Modeling of electron emission processes accompanying Radon-$\alpha$-decays within electrostatic spectrometers

TL;DR

This paper develops a detailed model of electron emissions caused by radon alpha-decays within electrostatic spectrometers, crucial for understanding background noise in high-precision beta-spectroscopy experiments.

Contribution

It introduces a comprehensive model of electron emission processes from radon decay daughters, including energy spectra and multiplicities, validated against experimental data.

Findings

Electron energy spectra up to 400 keV modeled.

Electron multiplicities of up to 20 observed.

Model agrees well with experimental measurements.

Abstract

Electrostatic spectrometers utilized in high-resolution beta-spectroscopy studies such as in the Karlsruhe Tritium Neutrino (KATRIN) experiment have to operate with a background level of less than 10^(-2) counts per second.
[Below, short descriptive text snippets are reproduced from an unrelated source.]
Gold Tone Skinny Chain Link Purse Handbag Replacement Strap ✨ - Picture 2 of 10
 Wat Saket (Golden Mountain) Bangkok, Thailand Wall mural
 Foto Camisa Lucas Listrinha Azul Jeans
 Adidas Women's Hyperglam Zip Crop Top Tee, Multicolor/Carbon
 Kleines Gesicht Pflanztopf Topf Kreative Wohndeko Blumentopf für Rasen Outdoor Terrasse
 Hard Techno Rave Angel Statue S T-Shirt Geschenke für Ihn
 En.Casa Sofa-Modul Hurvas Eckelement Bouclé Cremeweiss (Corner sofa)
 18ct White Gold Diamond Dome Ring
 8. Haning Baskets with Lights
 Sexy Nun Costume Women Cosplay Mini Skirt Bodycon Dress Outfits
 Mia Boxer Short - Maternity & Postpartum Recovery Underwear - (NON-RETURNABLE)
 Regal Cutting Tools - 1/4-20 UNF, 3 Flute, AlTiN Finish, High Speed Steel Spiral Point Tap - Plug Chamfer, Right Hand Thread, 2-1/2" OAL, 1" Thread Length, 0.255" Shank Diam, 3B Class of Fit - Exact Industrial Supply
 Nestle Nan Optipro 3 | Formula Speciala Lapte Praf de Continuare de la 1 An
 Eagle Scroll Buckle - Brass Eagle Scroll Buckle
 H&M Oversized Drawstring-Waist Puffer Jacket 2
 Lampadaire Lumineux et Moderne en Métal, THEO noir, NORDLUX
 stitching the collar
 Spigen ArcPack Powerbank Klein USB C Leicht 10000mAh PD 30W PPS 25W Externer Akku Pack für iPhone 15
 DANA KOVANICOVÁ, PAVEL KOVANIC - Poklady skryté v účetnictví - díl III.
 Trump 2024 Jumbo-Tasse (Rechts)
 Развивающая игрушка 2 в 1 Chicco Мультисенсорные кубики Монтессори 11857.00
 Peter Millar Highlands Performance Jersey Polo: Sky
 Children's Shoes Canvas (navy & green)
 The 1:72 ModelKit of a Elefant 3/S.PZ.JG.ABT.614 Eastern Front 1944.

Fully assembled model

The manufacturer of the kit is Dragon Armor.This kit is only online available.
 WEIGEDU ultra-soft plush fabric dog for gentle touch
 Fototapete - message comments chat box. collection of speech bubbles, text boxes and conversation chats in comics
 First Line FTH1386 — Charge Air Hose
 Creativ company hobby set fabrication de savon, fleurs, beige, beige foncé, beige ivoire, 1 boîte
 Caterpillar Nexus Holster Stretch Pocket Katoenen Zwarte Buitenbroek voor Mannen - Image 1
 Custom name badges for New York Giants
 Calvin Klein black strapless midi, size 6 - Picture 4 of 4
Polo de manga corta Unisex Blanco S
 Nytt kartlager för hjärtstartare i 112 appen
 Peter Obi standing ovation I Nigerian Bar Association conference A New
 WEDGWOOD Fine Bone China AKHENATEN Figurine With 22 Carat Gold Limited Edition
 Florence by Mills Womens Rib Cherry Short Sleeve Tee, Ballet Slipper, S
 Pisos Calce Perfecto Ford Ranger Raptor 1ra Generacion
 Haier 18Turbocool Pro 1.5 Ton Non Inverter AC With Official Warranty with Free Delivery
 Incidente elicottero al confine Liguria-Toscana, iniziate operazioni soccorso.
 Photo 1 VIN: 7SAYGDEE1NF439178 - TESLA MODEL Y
This limit can be exceeded by even a small number of Rn-219 or Rn-220 atoms being emanated into the volume and undergoing alpha-decay there. In this paper we present a detailed model of the underlying background-generating processes via electron emission by internal conversion, shake-off and relaxation processes in the atomic shells of the Po-215 and Po-216 daughters. The model yields electron energy spectra up to 400 keV and electron multiplicities of up to 20 which are compared to experimental data.